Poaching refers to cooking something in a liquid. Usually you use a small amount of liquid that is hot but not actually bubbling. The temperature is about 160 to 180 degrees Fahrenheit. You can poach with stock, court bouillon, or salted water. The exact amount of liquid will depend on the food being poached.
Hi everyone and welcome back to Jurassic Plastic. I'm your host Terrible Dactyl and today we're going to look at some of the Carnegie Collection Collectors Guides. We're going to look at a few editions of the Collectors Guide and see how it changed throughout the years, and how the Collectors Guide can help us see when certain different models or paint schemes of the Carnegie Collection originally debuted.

◇ ◇ ◇ ◇

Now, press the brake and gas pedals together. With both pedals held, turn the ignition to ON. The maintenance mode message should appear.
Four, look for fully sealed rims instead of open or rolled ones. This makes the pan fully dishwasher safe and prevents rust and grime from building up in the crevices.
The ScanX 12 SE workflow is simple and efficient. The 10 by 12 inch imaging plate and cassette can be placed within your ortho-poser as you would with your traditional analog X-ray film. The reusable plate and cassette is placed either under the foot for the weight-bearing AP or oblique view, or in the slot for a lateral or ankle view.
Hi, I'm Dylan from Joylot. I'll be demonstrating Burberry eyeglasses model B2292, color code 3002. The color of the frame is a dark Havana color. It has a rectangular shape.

◇ ◇ ◇ ◇

**THE TASK:**
Each line in the listing above that contains "your" should be copied.

**SOLUTION FOR THIS PROBLEM:**
Hi everyone and welcome back to Jurassic Plastic. I'm your host Terrible Dactyl and today we're going to look at some of the Carnegie Collection Collectors Guides. We're going to look at a few editions of the Collectors Guide and see how it changed throughout the years, and how the Collectors Guide can help us see when certain different models or paint schemes of the Carnegie Collection originally debuted.
The ScanX 12 SE workflow is simple and efficient. The 10 by 12 inch imaging plate and cassette can be placed within your ortho-poser as you would with your traditional analog X-ray film. The reusable plate and cassette is placed either under the foot for the weight-bearing AP or oblique view, or in the slot for a lateral or ankle view.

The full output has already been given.